Oh, Judith that is cute. I will admit to turning a book cover around to its backside or setting it upside down if the topic is particularly evil or dishonest. Those poor bookstore workers have a lot of sorting on their hands thanks to disgruntled christians and liberals.

I get most of my reading material from the public library, which I visit four or five times every week. If I bought everything I read I'd need a small warehouse to store it all and probably a mortgage to pay for it all. But I make exceptions; I buy some books just to support new writers who are trying to establish themselves.

Annoyingly, the library always has a nativity scene in the lobby starting in early December.

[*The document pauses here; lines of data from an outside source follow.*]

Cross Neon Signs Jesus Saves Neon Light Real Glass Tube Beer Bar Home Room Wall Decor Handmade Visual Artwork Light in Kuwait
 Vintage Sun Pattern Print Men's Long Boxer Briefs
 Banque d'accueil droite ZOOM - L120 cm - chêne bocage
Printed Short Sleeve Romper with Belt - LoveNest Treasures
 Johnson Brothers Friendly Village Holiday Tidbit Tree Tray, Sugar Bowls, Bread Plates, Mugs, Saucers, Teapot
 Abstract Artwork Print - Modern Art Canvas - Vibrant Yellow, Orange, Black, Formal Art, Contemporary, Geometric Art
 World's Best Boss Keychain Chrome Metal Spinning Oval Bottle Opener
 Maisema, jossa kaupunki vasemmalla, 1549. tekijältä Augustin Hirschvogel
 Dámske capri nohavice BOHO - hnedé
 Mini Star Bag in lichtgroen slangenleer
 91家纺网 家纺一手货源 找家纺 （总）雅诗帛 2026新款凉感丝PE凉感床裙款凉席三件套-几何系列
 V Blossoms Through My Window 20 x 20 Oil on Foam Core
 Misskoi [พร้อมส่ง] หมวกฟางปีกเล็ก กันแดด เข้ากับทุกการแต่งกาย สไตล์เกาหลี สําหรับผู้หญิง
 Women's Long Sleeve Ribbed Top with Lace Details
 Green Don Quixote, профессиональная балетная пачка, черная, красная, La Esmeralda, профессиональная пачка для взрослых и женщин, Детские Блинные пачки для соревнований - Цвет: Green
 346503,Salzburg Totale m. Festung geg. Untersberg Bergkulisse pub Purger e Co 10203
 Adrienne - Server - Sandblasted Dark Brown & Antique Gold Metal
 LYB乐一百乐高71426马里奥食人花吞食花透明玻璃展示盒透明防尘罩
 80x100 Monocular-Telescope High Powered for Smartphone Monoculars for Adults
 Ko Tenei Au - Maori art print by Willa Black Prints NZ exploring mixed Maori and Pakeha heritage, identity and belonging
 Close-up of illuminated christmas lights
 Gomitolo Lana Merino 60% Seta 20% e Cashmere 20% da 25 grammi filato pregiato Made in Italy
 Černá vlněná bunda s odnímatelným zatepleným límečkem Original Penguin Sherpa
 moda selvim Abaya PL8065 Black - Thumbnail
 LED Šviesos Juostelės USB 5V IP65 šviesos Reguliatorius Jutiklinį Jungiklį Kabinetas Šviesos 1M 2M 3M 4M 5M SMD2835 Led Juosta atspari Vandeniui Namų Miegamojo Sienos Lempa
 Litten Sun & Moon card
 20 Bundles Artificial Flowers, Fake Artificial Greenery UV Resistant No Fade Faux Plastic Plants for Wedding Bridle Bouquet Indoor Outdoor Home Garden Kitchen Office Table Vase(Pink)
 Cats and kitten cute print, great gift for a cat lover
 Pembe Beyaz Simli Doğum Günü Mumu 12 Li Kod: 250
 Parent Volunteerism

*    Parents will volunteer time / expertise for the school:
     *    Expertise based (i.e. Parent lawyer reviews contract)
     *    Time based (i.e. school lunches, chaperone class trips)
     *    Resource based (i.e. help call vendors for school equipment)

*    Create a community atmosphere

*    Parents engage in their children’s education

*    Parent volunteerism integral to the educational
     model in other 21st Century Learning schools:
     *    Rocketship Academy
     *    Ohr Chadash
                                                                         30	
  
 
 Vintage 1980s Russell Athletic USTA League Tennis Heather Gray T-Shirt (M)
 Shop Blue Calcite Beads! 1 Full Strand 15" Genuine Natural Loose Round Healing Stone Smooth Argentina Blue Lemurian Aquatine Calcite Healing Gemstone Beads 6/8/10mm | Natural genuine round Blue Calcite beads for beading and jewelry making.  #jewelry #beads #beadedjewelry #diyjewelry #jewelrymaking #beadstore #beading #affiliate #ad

The Freedom From Religion Foundation has written to them on my behalf, asking them to remove it, but the library does not respond and Baby Jebus stays up until New Year's.

I'm a big fan of the library...I got to the bookstore to get ideas for the library! lol

Addendum:  Wonderfully, one of the local book stores that survived the presence of Borders and now B.A.M. has expanded and incorporated a cafe and gift shop.  It has only just opened and I have not been in there yet but I went to the old store to buy a book just before it closed.  I inadvertently met and had a conversation with the owner.  I was almost in tears I was so happy about what he was planning.  I think I will go there today!  I can support a local business and enjoy a real book store again.  I know we are moving into the digital age and books may soon be a thing of the past but I still love a good book and a comfortable place to read it.  This store has the potential to be much more than that but at the least it should be a more religion-neutral gathering place in the community.